Skip to contents

This function compares two clean datasets, filters them based on a specified date range, and generates outputs for numeric, factor, character, binary, date, and other data types. The results are saved to an output directory, and optional views of the data can be displayed or saved.

Usage

compare_clean_data(
  old_data,
  new_data,
  output_dir,
  final_vars_set,
  date_col,
  limit_to_same_date = TRUE,
  show_views = FALSE,
  save_views = FALSE
)

Arguments

old_data

Dataframe. The old dataset for comparison.

new_data

Dataframe. The new dataset for comparison.

output_dir

Character. Path to the directory where the output files will be saved.

final_vars_set

Character vector. List of variable names to include in the comparison.

date_col

Character. Name of the column in the datasets representing the date. The function uses this column to filter rows based on the date range.

limit_to_same_date

Logical.

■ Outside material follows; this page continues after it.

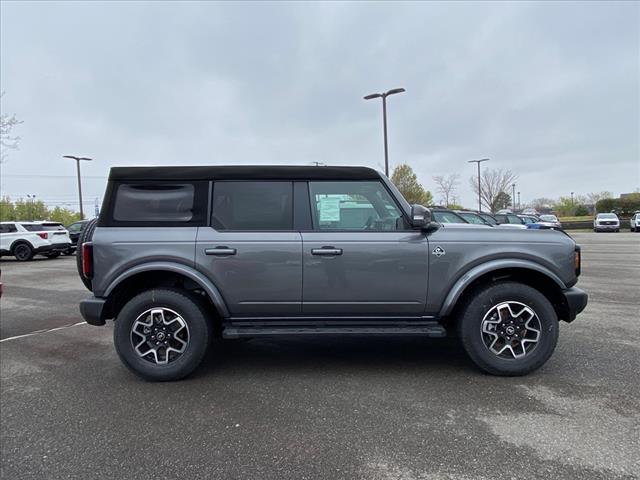 2024 Ford Bronco Outer Banks photo 3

Whether to filter the new dataset to match the date range of the old dataset (default: TRUE).

show_views

Logical. Whether to display the data views in the RStudio Viewer (default: FALSE).

save_views

Logical. Whether to save views of the dataframes to disk (default: FALSE).

Value

A list of dataframes containing the comparison results. Dataframes include numeric, factor, character, binary, date, and other derived datasets. Entries with missing data are omitted.